◆ Exercise goal:
Check each line of the entries below for the word "Used", and copy the lines that have it.

(Provided records begins)

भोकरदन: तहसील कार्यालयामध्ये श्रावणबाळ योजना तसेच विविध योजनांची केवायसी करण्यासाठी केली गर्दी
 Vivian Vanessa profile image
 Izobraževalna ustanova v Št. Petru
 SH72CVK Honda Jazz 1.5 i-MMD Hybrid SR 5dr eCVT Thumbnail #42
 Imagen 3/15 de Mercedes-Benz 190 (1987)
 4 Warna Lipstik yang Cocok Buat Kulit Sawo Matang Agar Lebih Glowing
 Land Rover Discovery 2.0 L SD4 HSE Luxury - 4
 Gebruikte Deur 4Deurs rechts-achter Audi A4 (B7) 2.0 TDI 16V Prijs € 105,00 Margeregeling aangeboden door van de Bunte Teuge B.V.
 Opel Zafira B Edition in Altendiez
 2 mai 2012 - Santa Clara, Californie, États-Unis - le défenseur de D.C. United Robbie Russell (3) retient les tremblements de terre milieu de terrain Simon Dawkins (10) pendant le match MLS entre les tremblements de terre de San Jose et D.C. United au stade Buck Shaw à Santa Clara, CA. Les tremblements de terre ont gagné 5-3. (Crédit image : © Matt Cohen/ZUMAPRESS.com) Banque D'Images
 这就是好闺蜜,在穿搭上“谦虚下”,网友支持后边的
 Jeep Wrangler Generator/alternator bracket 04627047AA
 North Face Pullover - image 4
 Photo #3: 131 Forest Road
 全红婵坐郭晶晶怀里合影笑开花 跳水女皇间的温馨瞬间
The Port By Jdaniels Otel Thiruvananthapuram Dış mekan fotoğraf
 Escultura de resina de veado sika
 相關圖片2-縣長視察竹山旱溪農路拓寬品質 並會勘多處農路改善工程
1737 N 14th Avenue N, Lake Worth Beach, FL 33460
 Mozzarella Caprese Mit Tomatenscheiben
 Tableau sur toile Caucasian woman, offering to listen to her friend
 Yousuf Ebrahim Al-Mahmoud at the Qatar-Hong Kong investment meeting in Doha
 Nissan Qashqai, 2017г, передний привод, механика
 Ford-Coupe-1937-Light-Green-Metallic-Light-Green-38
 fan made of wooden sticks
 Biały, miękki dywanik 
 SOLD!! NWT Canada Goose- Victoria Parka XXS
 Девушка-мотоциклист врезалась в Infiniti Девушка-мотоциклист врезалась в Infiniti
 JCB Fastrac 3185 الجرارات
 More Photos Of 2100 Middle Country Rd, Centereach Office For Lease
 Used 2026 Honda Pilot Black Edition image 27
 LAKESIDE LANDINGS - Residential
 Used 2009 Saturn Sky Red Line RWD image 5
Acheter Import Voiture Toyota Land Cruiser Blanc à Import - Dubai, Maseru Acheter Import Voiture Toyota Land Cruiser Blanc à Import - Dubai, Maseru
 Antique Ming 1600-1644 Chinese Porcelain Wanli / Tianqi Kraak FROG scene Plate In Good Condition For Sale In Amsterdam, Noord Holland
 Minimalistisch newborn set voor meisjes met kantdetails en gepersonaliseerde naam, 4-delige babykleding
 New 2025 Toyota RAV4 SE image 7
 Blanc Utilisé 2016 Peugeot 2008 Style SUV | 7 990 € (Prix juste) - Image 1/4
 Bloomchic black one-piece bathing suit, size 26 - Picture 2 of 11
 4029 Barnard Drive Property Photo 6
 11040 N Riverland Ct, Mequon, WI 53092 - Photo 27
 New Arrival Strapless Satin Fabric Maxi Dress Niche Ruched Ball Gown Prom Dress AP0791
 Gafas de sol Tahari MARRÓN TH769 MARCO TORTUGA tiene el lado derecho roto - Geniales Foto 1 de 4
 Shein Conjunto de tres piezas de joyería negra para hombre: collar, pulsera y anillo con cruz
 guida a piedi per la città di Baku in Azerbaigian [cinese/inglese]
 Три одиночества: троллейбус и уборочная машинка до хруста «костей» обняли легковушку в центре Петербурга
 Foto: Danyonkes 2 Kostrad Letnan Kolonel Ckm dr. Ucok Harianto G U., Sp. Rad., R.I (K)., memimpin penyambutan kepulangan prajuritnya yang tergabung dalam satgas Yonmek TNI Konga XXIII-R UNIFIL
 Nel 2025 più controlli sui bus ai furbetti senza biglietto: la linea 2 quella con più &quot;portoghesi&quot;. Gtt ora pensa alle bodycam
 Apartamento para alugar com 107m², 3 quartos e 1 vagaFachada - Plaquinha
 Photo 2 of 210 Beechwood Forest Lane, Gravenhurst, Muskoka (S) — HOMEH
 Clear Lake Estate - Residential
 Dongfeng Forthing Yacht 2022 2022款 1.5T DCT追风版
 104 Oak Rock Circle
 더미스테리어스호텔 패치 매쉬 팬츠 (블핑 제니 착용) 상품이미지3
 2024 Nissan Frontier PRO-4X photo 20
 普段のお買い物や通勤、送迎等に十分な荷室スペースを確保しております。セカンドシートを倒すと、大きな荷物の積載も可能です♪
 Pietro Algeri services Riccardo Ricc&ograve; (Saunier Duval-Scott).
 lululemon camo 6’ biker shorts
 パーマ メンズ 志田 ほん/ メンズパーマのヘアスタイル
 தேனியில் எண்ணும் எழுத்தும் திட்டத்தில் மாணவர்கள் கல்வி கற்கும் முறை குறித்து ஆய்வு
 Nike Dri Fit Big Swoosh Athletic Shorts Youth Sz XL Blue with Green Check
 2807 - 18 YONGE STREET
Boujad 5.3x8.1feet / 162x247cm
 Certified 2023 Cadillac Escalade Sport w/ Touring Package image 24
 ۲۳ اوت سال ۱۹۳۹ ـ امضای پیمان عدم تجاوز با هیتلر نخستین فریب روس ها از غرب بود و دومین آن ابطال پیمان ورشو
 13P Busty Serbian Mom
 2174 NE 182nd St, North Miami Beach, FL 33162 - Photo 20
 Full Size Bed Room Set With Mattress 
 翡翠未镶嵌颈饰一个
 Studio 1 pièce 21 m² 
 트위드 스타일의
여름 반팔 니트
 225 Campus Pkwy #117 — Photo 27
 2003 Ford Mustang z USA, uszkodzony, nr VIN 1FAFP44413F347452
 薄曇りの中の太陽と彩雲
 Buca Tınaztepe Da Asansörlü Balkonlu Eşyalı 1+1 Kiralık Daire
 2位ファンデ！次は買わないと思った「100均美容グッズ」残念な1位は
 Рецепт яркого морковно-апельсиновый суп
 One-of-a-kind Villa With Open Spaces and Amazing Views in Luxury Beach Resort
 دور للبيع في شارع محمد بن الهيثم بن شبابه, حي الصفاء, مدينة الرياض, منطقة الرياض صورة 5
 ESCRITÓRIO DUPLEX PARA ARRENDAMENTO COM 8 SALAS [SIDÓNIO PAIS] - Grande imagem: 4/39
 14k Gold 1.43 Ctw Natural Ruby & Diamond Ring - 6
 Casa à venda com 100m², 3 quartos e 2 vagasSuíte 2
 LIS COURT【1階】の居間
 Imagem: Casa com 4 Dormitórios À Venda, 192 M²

(Provided records ends)

◆ Written reply:
 Used 2026 Honda Pilot Black Edition image 27
 Used 2009 Saturn Sky Red Line RWD image 5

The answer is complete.